[Web page caption snippets]
· · ·

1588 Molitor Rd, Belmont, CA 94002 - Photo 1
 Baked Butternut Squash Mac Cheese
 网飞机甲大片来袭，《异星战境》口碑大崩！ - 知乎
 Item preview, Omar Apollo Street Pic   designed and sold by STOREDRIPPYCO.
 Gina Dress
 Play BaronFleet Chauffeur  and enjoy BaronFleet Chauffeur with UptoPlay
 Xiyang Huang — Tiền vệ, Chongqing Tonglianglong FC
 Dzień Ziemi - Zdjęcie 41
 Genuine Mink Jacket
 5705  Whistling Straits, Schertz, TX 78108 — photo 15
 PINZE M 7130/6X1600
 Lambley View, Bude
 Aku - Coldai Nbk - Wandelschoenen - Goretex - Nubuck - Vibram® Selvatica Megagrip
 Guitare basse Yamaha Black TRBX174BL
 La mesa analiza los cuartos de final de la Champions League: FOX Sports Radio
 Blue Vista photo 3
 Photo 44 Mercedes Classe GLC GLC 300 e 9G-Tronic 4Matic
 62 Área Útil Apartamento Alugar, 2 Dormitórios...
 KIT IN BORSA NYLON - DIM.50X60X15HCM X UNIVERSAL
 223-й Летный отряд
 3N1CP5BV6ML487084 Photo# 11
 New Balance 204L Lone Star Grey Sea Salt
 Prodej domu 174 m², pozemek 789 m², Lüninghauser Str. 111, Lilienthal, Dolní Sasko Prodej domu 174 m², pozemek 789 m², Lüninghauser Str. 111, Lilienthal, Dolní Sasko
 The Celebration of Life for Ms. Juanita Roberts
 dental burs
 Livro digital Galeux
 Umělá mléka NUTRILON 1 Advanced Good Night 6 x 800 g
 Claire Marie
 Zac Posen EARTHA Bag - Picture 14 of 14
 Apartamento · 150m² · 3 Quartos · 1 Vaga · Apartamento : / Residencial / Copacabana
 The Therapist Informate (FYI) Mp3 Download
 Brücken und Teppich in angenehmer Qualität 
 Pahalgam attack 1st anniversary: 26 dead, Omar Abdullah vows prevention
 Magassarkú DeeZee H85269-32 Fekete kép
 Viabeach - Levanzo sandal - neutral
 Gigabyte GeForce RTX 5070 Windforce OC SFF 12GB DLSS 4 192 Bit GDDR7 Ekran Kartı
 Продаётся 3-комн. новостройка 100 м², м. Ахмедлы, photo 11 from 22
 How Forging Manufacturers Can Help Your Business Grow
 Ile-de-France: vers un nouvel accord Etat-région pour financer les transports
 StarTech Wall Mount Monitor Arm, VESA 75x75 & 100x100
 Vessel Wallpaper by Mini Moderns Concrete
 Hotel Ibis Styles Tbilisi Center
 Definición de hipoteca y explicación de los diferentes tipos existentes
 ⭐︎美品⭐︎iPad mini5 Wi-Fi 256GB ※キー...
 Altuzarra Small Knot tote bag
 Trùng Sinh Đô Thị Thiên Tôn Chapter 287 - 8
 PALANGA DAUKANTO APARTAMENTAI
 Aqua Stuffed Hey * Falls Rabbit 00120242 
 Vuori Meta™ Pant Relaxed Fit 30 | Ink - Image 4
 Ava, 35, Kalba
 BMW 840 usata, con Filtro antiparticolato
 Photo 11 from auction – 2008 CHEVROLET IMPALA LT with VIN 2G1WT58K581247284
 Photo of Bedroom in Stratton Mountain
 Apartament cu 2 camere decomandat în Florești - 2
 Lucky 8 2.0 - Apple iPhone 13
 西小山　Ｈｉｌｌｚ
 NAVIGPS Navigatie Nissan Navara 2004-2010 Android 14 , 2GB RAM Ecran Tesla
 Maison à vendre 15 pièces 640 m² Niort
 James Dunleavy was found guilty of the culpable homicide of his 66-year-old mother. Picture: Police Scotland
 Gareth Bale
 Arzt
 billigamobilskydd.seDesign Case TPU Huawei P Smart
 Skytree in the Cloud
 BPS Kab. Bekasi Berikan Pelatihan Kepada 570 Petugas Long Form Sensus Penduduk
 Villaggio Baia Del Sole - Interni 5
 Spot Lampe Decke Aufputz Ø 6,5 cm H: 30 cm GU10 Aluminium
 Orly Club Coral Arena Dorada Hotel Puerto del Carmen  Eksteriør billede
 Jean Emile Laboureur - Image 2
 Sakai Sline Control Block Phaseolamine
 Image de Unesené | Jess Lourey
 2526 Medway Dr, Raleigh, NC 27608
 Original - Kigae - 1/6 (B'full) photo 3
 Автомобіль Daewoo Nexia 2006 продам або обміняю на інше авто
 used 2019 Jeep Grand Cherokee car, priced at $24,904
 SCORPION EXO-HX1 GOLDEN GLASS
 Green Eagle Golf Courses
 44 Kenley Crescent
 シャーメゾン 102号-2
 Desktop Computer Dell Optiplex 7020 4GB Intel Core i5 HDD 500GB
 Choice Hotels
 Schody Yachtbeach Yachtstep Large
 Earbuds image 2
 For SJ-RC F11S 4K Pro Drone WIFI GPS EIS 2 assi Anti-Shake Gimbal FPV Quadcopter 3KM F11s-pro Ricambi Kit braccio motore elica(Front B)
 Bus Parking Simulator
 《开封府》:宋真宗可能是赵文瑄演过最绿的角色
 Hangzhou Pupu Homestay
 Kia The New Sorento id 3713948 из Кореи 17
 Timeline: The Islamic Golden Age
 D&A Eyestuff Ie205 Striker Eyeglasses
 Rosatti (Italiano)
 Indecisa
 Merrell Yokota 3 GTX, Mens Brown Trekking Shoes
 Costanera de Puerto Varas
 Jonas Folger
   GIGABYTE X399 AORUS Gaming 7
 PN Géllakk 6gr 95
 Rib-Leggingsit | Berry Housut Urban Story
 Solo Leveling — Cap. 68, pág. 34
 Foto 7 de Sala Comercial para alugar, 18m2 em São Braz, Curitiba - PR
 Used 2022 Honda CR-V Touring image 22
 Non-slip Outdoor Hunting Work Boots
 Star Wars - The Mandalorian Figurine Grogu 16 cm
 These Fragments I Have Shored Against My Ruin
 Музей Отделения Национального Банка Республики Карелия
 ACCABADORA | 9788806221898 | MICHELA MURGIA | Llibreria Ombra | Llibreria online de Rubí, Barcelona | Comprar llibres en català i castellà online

· · ·

# AIM OF THE TASK
Nothing should appear in the output except the lines from the one with "Merrell Yokota 3" through the end of the records above, copied exactly.

# RESULT FOR THIS EXERCISE
 Merrell Yokota 3 GTX, Mens Brown Trekking Shoes
 Costanera de Puerto Varas
 Jonas Folger
   GIGABYTE X399 AORUS Gaming 7
 PN Géllakk 6gr 95
 Rib-Leggingsit | Berry Housut Urban Story
 Solo Leveling — Cap. 68, pág. 34
 Foto 7 de Sala Comercial para alugar, 18m2 em São Braz, Curitiba - PR
 Used 2022 Honda CR-V Touring image 22
 Non-slip Outdoor Hunting Work Boots
 Star Wars - The Mandalorian Figurine Grogu 16 cm
 These Fragments I Have Shored Against My Ruin
 Музей Отделения Национального Банка Республики Карелия
 ACCABADORA | 9788806221898 | MICHELA MURGIA | Llibreria Ombra | Llibreria online de Rubí, Barcelona | Comprar llibres en català i castellà online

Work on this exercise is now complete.